BRIEF: From first line to last, give the records again word for word and omit the pictures.

PROVIDED DATA:
▽

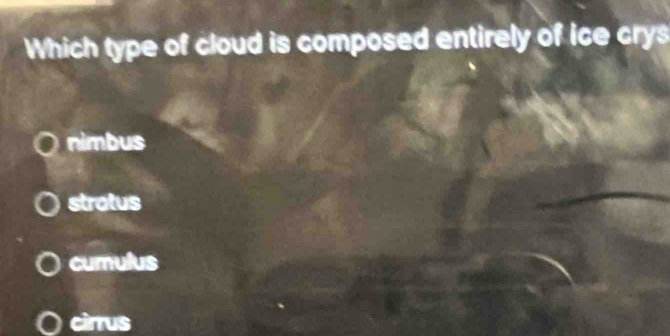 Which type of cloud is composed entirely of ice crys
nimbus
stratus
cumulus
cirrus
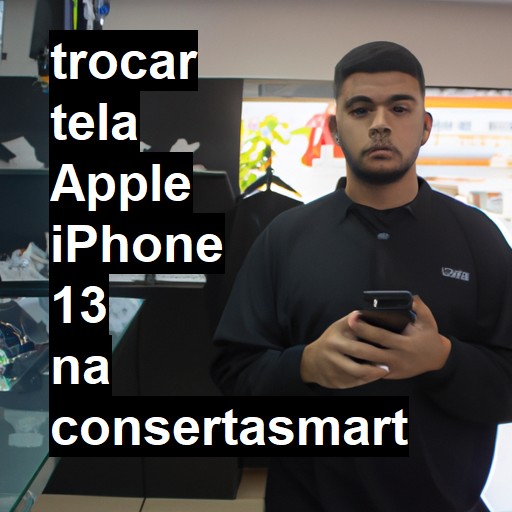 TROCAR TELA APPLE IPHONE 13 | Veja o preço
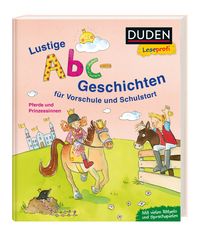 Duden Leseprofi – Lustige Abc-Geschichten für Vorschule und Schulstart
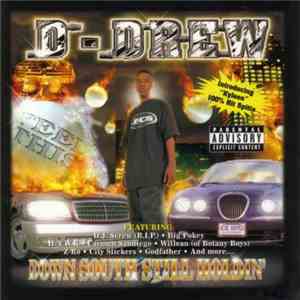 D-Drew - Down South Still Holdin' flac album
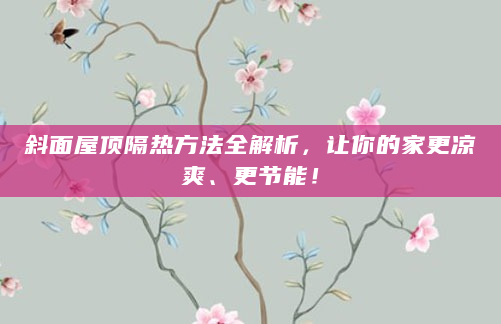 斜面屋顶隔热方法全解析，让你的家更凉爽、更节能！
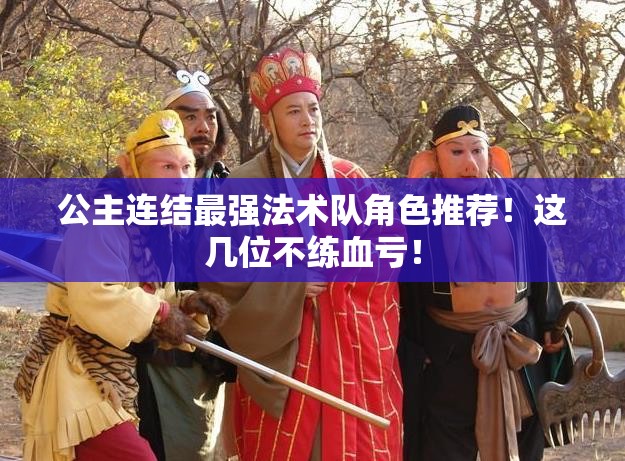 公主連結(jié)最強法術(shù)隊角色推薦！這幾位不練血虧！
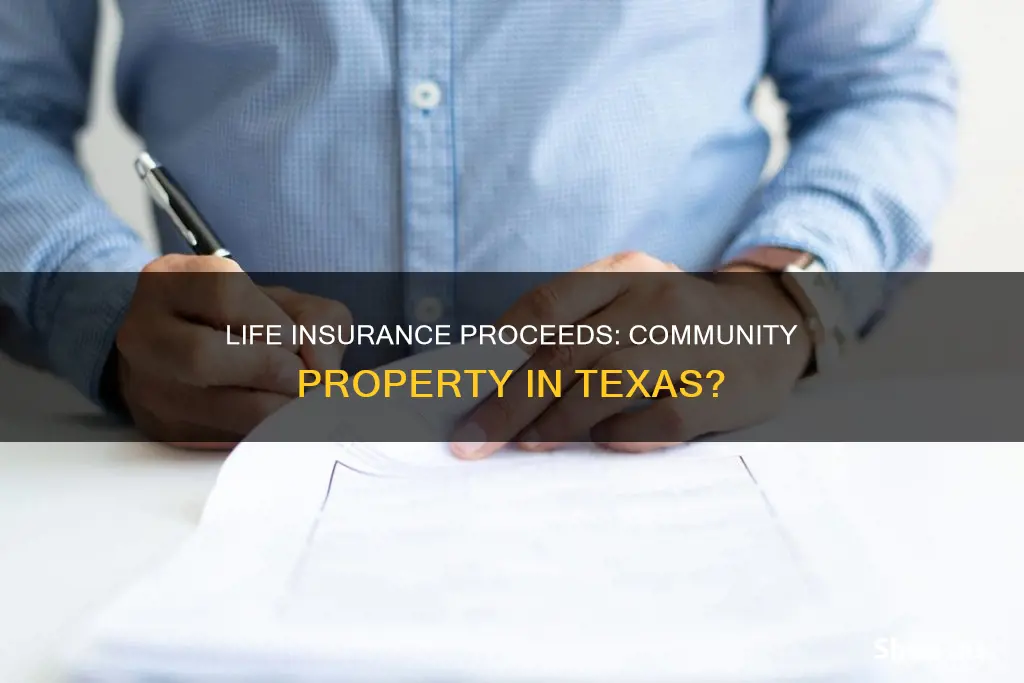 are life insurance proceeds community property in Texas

△

ANSWER FOR THIS EXERCISE:
 Which type of cloud is composed entirely of ice crys
nimbus
stratus
cumulus
cirrus
 TROCAR TELA APPLE IPHONE 13 | Veja o preço
 Duden Leseprofi – Lustige Abc-Geschichten für Vorschule und Schulstart
 D-Drew - Down South Still Holdin' flac album
 斜面屋顶隔热方法全解析，让你的家更凉爽、更节能！
 公主連結(jié)最強法術(shù)隊角色推薦！這幾位不練血虧！
 are life insurance proceeds community property in Texas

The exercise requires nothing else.